My son had numbers similar to what you posted when he was 15U. Major difference was he was 6'2" at the time and about 175 pounds. He continued to develop, but gave up pitching. In the end he attracted the attention of mid to low level D1 coaches and many, D2, D3 and NAIA coaches. In the end he made the decision to not play college baseball. This decision was made prior to the summer between Jr and Sr HS years which is the major recruiting year, so we are not 100% certain where he would have ended up if he pursued playing in college. My guess is a mid to lower level D1 school.
The real thing here is how your son continues to develop. The numbers you posted are decent for his age, but not at a level that most D1 schools recruit at. He needs to continue to develop and improve those numbers. Development over the next couple of years is crucial.
Unless your a top stud, its a little early for recruiting of 2020's. Most colleges will concentrate on the 18's and start looking at the 19's this summer. What you are going to find is that as you attend events that attract the college coaches they are going to mostly ignore the 2020's at this point. Unless you have a top 25 player on your team, or the team that you are playing has one. And then for the most part the coaches will show up to see him play and leave when he is done.

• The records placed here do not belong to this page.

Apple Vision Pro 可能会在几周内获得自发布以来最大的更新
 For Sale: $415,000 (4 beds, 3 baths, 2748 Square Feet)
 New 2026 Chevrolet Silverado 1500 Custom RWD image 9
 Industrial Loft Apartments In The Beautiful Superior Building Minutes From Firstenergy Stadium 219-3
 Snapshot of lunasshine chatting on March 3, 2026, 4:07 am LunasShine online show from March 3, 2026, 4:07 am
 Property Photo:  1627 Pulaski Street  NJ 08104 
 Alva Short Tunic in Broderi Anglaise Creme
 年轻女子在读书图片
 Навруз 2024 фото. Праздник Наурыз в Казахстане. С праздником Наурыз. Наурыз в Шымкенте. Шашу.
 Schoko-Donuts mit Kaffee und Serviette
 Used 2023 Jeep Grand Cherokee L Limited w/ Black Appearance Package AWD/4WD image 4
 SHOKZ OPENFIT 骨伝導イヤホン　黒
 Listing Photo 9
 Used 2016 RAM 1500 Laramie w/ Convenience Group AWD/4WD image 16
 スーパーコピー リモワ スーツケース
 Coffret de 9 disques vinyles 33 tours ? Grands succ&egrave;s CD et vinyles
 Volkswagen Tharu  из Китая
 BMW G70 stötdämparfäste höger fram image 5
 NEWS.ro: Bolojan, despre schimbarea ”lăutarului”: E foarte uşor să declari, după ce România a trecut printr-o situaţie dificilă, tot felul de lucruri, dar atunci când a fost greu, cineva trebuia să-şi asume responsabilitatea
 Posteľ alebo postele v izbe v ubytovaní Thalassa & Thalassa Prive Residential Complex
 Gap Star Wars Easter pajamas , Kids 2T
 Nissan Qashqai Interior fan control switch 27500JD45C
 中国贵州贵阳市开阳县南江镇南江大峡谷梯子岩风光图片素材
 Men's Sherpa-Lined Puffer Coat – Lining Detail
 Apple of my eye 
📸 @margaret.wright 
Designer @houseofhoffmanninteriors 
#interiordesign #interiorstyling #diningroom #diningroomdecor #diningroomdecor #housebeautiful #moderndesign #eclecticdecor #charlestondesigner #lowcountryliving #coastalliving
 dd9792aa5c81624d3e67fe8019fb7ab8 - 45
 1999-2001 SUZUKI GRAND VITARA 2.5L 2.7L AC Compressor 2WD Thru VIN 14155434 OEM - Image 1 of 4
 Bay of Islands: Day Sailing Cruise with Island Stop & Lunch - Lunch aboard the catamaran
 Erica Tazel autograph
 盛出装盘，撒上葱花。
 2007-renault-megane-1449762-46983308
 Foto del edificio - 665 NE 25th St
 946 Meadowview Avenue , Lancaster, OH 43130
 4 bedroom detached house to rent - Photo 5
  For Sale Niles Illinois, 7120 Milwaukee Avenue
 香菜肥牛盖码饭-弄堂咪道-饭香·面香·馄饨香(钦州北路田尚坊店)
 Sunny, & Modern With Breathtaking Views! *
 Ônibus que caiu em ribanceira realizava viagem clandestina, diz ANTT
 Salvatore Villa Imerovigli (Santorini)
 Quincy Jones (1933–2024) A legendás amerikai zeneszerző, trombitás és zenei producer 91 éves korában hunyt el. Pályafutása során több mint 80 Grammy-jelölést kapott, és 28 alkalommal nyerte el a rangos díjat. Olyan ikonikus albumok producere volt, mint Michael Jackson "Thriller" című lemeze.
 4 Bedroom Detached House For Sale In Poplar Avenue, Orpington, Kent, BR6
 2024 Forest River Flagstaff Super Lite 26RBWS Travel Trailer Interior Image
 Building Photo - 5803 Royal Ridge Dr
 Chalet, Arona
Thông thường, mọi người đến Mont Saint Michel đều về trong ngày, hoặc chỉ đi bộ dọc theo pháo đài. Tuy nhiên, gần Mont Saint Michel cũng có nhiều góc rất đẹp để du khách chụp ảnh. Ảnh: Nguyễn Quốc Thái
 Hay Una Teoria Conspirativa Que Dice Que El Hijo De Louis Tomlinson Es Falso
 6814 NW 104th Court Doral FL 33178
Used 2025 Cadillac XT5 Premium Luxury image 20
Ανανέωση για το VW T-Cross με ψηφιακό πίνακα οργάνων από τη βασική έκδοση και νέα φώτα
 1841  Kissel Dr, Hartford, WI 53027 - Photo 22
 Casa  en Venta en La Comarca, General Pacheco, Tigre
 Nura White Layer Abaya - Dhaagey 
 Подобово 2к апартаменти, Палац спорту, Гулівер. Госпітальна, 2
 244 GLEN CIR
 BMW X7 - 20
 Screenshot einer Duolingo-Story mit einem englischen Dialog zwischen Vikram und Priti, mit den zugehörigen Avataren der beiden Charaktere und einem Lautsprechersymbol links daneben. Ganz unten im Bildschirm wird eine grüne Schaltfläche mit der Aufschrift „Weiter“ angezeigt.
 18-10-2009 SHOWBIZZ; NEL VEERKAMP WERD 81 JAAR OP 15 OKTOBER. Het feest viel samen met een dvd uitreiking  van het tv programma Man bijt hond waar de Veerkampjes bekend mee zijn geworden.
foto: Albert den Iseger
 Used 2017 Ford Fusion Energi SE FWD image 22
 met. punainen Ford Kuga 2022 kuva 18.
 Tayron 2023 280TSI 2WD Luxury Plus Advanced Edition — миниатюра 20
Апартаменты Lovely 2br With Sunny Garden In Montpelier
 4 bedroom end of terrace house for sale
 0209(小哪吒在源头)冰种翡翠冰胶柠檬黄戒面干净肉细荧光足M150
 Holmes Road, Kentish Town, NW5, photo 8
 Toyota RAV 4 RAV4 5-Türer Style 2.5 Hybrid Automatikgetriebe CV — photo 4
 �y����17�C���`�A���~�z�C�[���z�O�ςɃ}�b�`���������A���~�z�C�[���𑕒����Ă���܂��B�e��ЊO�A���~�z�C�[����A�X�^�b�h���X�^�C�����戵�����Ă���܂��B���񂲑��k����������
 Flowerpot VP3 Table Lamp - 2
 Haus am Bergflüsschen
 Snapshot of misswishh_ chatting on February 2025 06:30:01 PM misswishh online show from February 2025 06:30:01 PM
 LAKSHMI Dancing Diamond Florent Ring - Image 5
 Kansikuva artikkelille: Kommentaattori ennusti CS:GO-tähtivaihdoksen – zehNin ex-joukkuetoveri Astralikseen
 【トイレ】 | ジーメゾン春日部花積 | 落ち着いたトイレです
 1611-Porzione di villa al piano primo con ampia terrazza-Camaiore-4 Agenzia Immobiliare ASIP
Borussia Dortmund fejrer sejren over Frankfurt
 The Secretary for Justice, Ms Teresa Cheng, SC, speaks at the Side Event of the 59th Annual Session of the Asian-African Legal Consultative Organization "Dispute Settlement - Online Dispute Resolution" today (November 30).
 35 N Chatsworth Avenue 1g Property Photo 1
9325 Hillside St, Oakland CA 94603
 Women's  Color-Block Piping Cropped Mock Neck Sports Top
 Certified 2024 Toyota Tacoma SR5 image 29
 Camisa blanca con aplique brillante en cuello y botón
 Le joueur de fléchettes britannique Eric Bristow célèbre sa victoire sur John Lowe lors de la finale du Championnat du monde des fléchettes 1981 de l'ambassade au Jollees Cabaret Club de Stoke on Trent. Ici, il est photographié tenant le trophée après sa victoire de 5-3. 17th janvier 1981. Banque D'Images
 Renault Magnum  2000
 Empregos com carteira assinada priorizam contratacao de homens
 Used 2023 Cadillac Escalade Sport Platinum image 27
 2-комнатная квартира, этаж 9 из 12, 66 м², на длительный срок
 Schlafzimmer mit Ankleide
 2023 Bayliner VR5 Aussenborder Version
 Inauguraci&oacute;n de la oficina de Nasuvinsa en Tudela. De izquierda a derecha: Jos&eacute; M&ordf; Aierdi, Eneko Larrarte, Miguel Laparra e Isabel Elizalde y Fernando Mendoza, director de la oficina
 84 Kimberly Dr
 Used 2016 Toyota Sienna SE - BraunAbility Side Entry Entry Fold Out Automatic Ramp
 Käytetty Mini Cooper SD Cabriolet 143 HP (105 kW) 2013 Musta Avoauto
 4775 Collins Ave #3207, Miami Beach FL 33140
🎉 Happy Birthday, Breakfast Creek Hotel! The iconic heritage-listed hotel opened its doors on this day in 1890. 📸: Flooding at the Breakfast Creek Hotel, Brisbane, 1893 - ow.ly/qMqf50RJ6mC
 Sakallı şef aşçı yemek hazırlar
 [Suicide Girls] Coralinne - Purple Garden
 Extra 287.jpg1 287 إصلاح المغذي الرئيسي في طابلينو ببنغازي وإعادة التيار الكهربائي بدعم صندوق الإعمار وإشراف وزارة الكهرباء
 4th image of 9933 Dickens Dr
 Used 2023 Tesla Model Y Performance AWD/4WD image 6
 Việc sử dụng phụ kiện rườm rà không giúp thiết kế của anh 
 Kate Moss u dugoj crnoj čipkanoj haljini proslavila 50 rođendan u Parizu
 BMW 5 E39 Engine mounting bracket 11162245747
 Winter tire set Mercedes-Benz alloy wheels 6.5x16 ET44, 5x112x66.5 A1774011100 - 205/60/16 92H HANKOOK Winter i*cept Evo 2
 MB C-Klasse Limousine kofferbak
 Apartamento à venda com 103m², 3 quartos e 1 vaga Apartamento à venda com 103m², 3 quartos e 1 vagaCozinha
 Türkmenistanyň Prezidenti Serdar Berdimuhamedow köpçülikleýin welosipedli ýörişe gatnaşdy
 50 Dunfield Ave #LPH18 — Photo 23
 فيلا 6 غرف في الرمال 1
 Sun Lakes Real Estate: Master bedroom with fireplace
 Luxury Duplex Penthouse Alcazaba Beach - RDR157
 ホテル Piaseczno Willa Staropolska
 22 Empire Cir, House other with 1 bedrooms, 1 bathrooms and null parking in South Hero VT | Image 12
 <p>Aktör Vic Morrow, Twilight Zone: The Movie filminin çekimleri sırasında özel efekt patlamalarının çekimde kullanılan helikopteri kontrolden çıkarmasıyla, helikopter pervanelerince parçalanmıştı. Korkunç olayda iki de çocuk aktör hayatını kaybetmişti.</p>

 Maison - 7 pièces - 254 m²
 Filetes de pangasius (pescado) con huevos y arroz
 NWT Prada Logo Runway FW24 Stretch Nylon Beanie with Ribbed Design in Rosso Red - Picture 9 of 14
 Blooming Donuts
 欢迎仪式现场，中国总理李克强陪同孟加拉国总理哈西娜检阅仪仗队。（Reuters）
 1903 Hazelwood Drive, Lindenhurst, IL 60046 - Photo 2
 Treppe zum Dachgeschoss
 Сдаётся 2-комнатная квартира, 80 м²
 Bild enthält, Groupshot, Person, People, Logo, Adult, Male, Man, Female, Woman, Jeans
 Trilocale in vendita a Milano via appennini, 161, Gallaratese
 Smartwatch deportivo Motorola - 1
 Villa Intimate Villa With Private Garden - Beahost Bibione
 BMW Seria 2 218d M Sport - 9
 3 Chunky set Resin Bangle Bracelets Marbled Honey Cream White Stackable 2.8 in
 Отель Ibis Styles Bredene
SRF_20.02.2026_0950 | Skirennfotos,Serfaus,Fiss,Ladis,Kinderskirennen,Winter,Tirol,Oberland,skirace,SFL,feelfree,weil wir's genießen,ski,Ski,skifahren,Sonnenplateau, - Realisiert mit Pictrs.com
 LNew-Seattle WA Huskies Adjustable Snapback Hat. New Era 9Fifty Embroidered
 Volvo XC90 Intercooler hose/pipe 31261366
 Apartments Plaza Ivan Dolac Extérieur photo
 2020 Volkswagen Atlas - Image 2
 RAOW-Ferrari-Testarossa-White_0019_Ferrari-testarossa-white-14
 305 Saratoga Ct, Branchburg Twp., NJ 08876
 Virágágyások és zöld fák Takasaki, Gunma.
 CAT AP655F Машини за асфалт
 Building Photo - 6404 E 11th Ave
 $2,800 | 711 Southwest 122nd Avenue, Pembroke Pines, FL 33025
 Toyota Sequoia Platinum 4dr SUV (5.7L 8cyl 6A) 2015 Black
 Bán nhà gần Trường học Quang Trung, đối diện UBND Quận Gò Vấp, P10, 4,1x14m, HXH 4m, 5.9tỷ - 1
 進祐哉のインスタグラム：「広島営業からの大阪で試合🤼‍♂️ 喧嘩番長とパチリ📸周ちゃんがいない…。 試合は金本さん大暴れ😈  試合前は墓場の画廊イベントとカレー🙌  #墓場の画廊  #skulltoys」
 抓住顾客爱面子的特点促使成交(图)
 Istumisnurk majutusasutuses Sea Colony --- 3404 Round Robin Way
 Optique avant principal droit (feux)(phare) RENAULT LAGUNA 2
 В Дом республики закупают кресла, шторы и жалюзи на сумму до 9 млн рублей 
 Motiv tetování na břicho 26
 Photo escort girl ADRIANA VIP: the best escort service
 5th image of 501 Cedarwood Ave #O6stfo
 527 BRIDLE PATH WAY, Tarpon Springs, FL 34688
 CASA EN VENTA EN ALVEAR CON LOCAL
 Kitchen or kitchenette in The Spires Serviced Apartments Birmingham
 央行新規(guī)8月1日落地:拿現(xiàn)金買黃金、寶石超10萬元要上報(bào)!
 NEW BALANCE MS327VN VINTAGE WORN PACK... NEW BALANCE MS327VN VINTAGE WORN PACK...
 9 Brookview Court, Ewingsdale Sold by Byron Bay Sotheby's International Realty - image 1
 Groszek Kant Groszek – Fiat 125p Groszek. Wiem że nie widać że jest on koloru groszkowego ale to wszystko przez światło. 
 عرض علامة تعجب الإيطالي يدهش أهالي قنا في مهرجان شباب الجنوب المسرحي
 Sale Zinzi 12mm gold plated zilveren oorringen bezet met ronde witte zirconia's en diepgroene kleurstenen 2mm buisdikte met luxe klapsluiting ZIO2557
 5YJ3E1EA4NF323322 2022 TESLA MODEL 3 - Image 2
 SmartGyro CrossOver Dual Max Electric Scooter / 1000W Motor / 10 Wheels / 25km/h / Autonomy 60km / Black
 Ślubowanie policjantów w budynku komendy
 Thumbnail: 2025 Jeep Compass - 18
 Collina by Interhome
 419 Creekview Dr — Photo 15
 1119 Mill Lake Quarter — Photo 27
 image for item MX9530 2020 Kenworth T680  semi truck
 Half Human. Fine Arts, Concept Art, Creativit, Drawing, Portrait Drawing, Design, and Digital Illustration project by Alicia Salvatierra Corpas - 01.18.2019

Based on what I now know about the process I would have your son spend this time developing his skill set and working on improving his numbers. In addition you and your son should spend time reading through this website and others to educate yourself on the college recruiting process. As he hits 16U, and his numbers improve, it would be a good time to start reaching out to the colleges he wants to target to play at. IMO that would be an appropriate time to start opening up a communications line with the schools that fit his skill level. When it comes to recruiting its about skill set, but you still need to market yourself to the colleges. Don't wait for them to come to you.